While on a trip to Gunsite, I was with Jeff Quinn of Gunblast.com
. We both had late flights out of Phoenix and had the biggest part of a morning to spend seeing a few friends. I was able to make contact with Robbie Barrkman for an appointment and with the fine folks at The Wilderness Tactical, where I had to make a purchase for my son.
Our first stop was at Robar. You've read about the magnificent guns of Robar here and elsewhere. Now we had a chance to see both sides of the house. The Robar Companies, Inc. are part the firearms coatings, customization and now manufacture and part Coating Technologies, Inc.
As the firearms side of the house is just over ten percent of the total in outlay and income, CTI is the big dog. The high quality metal coatings go to aerospace industry and to other lines as well. CTI has to meet stringent aerospace standards with outside audits, certified furnaces and test panels with every job for quality assurance.

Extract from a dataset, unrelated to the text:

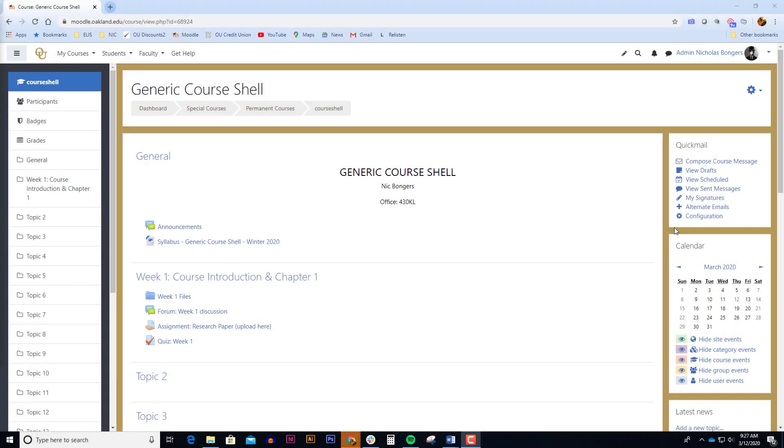In order to replace some of the face-to-face discussions that you're used to, you can replicate some of that in the online environment inside Moodle by adding a discussion forum. Adding a discussion forum is pretty easy. Let's get started.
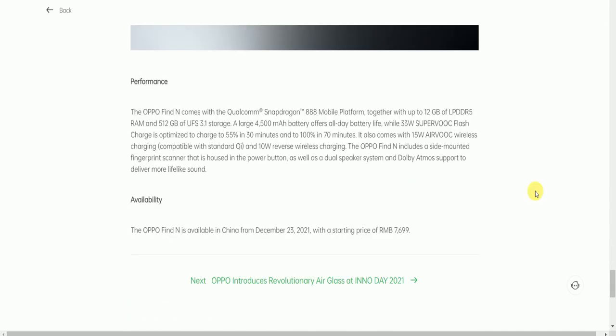Performance features: the OPPO Find N comes with the Qualcomm Snapdragon 888 mobile platform, up to 12GB LPDDR5 RAM, and up to 512GB UFS 3.1 storage. The battery is 4500mAh, offering all-day battery life, while 33W SuperVOOC flash charging provides 55% charge in 30 minutes and 100% in only 70 minutes. It also supports 50W AirVOOC wireless charging compatible with standard Qi, and 10W reverse wireless charging. The OPPO Find N includes a side-mounted fingerprint scanner that also serves as the power button, as well as a dual speaker system with Dolby Atmos support to deliver immersive sound.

Combat Optic Tool, Optimized. Photo by Robar
The Wilderness Tactical photo.
The Wilderness Tactical photo.
For the guns, PTFE coatings are good for external metal parts and internal parts (bolts, carriers, pins) but not bores.
The gun manufacturing involves the RC1911 - as Robbie worked the Gunsite smithy many years ago, he has a fondness for the old design - and the PolyMAR15.
The PolyMAR15 is the latest development in non-metal receivers for the AR platform. The upper and lower are made by Kaiser Shooting Products, LLC. It's a sub-six pound, sub-MOA rifle. It has a military standard trigger with NP3 coating, Colt internal parts and a POF barrel. They have just over 46,000 rounds on one upper/lower receiver combo and it's still going. They're taking orders for the rifles now and should be able to ship in 8 weeks.
We spent some of our time inthe labs with Robbie and Freddie Blish took us through the gun shop. Of particular interest was the Pro Shop. Here we have parts and tools. Familiar with the Combat Optic Tool? It's one device to take care of all carbine optics, it's small and it can be used as an emergency bottle opener.
I have one and it's part of the rangebag gear inside the pouch on the side of a multi-tool belt pouch. The other thing was my use of Warne Scope Mounts with their ½" cross-bolts and the C.O.T. wasn't a fit for that. Now they have the Combat Optic Tool, Optimized. The addition is a 1/2" open face wrench for Leupold, Badger Ordnance, Warne, and other 1/2" cross bolt mounts. Now you have about all you'll need in one flat bit of steel.
As to parts, I needed some recoil springs for Glocks. They happened to have their Glock recoil spring with a captured ISMI spring. The guide is coated in Robar's NP3 - slick, no?
I finally got to see Ralph and Joanie Holzhaus and Samantha DeZonia at the Wilderness. I hadn't been there for many years and we caught up on old times. I needed a Sawyer Extractor Kit - for venomous bites and stings - for my son who'd moved into a place where he's likely to run across the odd water moccasin or copperhead. Ralph saw my non-Wilderness belt and Samantha took my belt - for measurements - and fabricated my second Frequent Flyer. With nylon rings for closure, you're less likely to have to remove your belt at some
checkpoints. They have an EZ fit belt too that may be a better way for some folks.
The Wilderness Tactical also has new renditions of their popular shirt line, as well as a small, clip-on nylon bandoleer. I got one of them, the Wilderness Stretchable Battery Thing, CR123. I tend to need batteries to feed those lights, so that was an easy choice. It comes with a "place-setter" carabiner but they recommend you get a more durable unit if rugged use is likely.
Available for other size batteries or in combination as well as for ammunition, it's a very handy bit of gear.